One thing I struggle with, as a big-time media reviewer with an audience of billions, is how to respond to something whose only flaw is not delivering the story I expected. Is it really fair to call something bad just because it ended up going in a direction that I find uninteresting? How do you evaluate a well-written novel that succeeds on every level, save for subjective interest?

That’s actually completely irrelevant, because while Recursion’s plot direction did disappoint me, I also stopped reading it for multiple other reasons.

The premis, as presented in the opening chapters, is fascinating: people all over the world are suddenly remembering alternate lives, perceiving themselves to have suddenly woken up in a different world where their spouses are married to different people and their children don’t exist. Suicides among victims of this False Memory Syndrome are climbing, no one knows what’s causing it or if it’s contagious, the situation is generally not positive vibes.
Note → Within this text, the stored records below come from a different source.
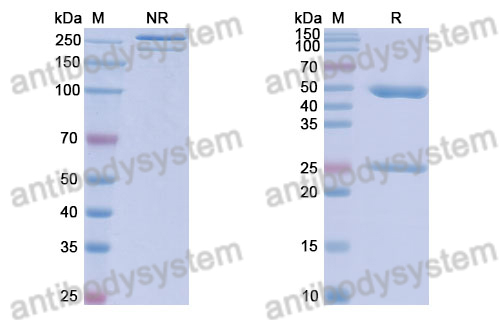 Anti-DNA Antibody (S106)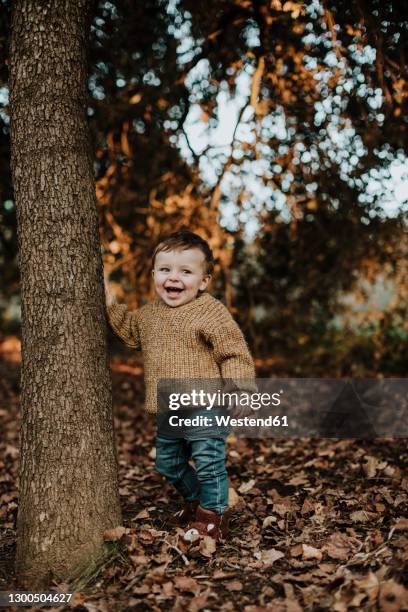 cheerful toddler standing by tree trunk in forest during sunset - baby nature fotografías e imágenes de stock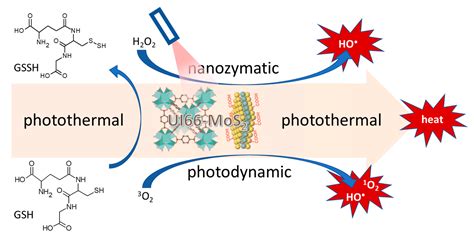 Ijms Free Full Text Applications Of Antimicrobial Photodynamic Therapy Against Bacterial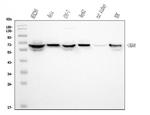 GRB10 Antibody in Western Blot (WB)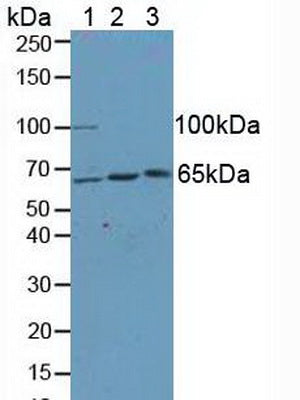 Polyclonal Antibody to Kinesin Light Chain 1 (KLC1)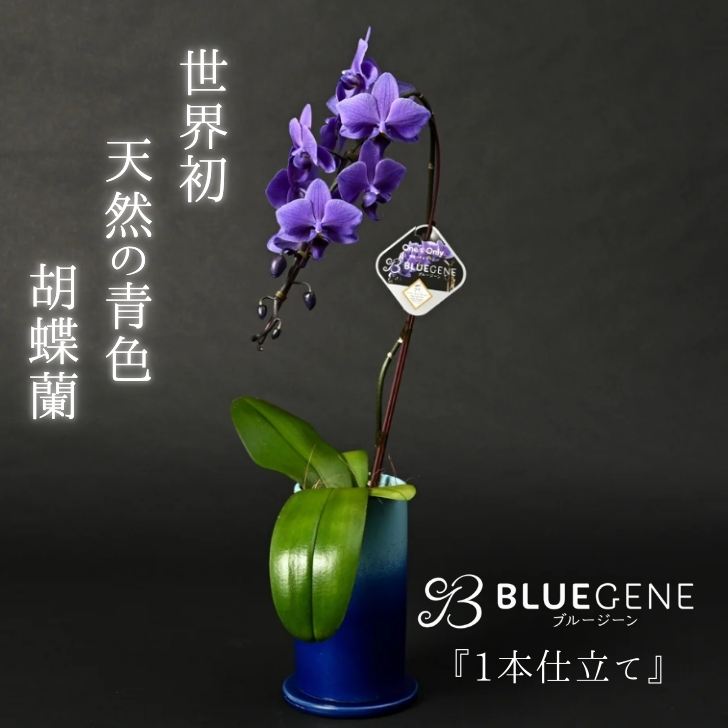 楽天市場】BLUE GENE 世界初の青色の胡蝶蘭1本立【送料込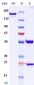 Anti-Monkeypox virus/MPXV M1R Antibody (A98)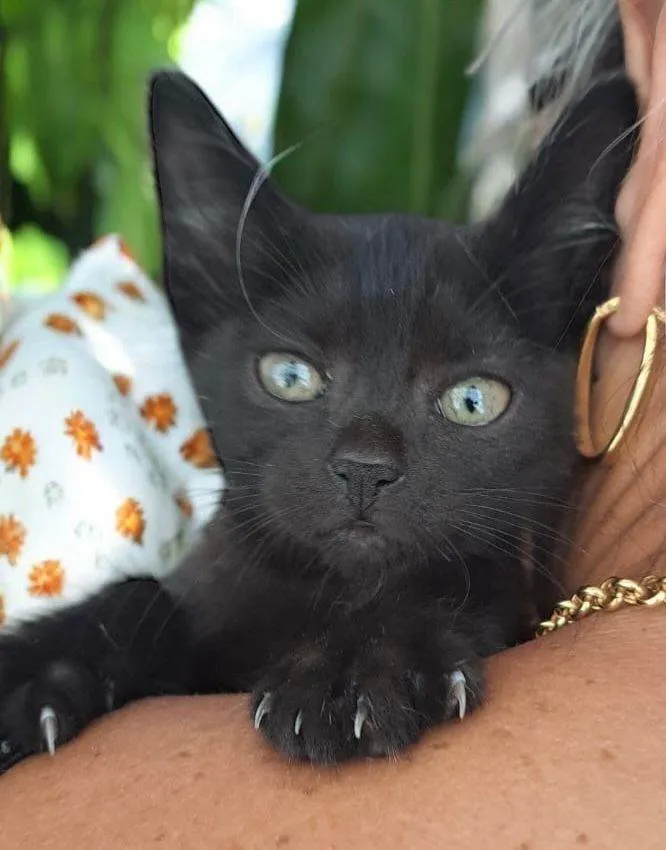 Gato ra a SRD-ViraLata idade Abaixo de 2 meses nome Frida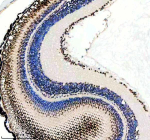 Immunohistochemical analysis of Luc7-like protein 3 using Zebrafish Luc7l3 antibody and paraffin-embedded zebrafish eye tissue. HIER: boil tissue sections in pH8 EDTA for 20 min and allow to cool before testing.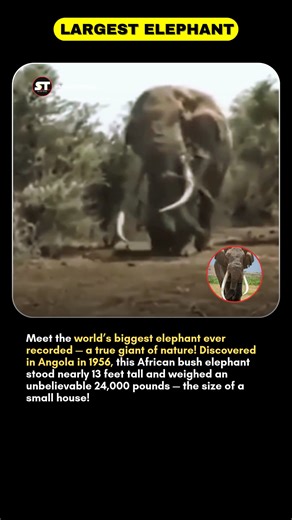 The Largest Elephant Ever Recorded — A 24,000-Pound Giant from Africa! 🐘🌍 #shortsfeed #wildlife #viralfacts #usatech #factshorts #animals #Elephant #Wildlife #NatureFacts #BiggestAnimal #AfricanElephant #AnimalPlanet #WildlifeDocumentary #NatureShorts #AmazingAnimals #AnimalFacts #WildlifePhotography #Discovery #NatureLovers #Safari #RecordBreaking #factshorts#viralfacts#largestanimal#factsyoudidntknow | Mannu Mehta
Our protagonist, Cop Guy, gets involved when he fails to prevent the suicide of a woman stricken with FSM, and before long he’s remembering another life where his daughter didn’t die in a tragic accident.

This is exactly the kind of premise that I am Here For, in a metaphysical sense. Let’s explore the societal impact of this unfolding calamity and really dig into how people afflicted react to it, and how society reacts to them. That is the direction you’re going to take, right Recursion? You’re not going to immediately shift gears into a mystery plot where Cop Guy tracks down the mysterious memory hotel at the heart of the phenomenon and confronts a sinister scientist? You’re not, right? Right?

God damn it.

It would be inaccurate to say that my interest in the book went from 100 to 0 as soon as I realized what direction the story was going in. There had been warning signs before then. The decision to have the main character be a detective gave me pause, since sticking in a murder mystery is a tried and true method of wrangling some narrative momentum into a premise that doesn’t inherently have any. It’s actually a bit worse here because Cop Guy isn’t even assigned to investigate the suicide that opens the book; he just does it of his own volition, for no particular reason.

The other thing that tripped me up early on about Recursion is the writing, which is…not bad exactly, but flat. As a random example, here’s the other POV character describing some really expensive wine:

He goes to his wine fridge and takes out a ’47 Cheval Blanc. It takes him a moment to remove the delicate cork, and then he empties the bottle into a crystal decanter. 

“Not too much of this left in the world,” he says. 

The moment Helena lifts the glass to her nose and inhales the sweet, spicy perfume of the ancient grapes, her concept of what wine can be is irrevocably altered.

It’s like I can taste it.

This might not have been an issue if not for the fact that pretty much everything is narrated in this same bloodless manner. Cop Guy suddenly starting to remember a parallel life should be terrifying and delirium-inducing, but it’s described with the same creativity as the minutiae of his travel arrangements. Consequently, the book doesn’t communicate the mind-bending nature of False Memory Syndrome, which in turn undermines the havoc it’s meant to be wreaking on its sufferers.

Not that that matters, because as stated, the book appears to get away from that topic as quickly as possible and into the potboiler thriller plot that its prose is much more suited to.

I have to add the disclaimer here that my migraines have been very bad lately (which is why this post is so short), and it’s entirely possible that I would have had more patience with Recursion if I was feeling better. But then again, maybe not; there are few things that frustrate me more than wasted potential.